We have an advocate with the Father, Jesus Christ the righteous.--The word here translated Advocate was translated Comforter in John 14:16; John 14:25; John 15:26; John 16:7. It has two meanings; one, as in Job 16:2, he who comforts, or exhorts; the other, as here, he who is appealed to--a proxy, or attorney. (Comp. Romans 8:26; Hebrews 4:14-16; Hebrews 7:25.) The Redeemer, the Word made flesh, and reascended with His human nature, is that part of the Deity which assures us of the ever-active vitality of divine love. If the justice of God is connected most with the Father, the mercy is pledged by the Son. He has exalted our nature, undertaken our interests, presents our prayers, and will one day be surrounded by the countless millions of His human brothers whom He has rescued, wearing the same nature as Himself. He is represented as continuing our advocate, because otherwise His work might appear a mere separate earthly manifestation; "righteous," because Christ, the only blameless example of human nature, can alone intercede for it with God (Hebrews 7:26; 1 Peter 3:18; John 16:8-10). The Armenian translation actually adds "and blameless." Augustine remarks that St. John did not set forth any apostle or saint as intercessor (here, if anywhere, he would have done so), but only Christ. "We" is not the Church corporately, but merely another instance of St. John's kindly delicacy, as in 1 John 1:6, &c.

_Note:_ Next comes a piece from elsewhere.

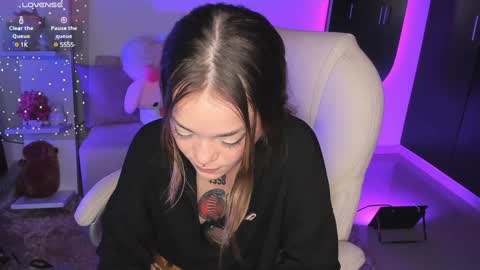 Snapshot of _sabrinamoon chatting on December 2024 05:37:02 PM online show from December 2024 05:37:02 PM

(2) And he is the propitiation for our sins.--On the word "propitiation," see the Introduction. By the satisfaction which the voluntary sacrifice of the Saviour offered to that divine order which requires the punishment of rebellion, both for its own correction and for a universal warning, the whole Deity has been rendered propitious, His graciousness has been called out, the righteousness of Romans 3:16 has been set in motion, that willeth not the death of a sinner, and is higher than mere retributive justice. (Comp. 1 John 4:10; John 14:5-6; 1 Corinthians 1:30; 2 Corinthians 5:18; 2 Corinthians 5:21; Hebrews 2:17; Hebrews 9:28; Hebrews 10:20; 1 Peter 2:21-24.)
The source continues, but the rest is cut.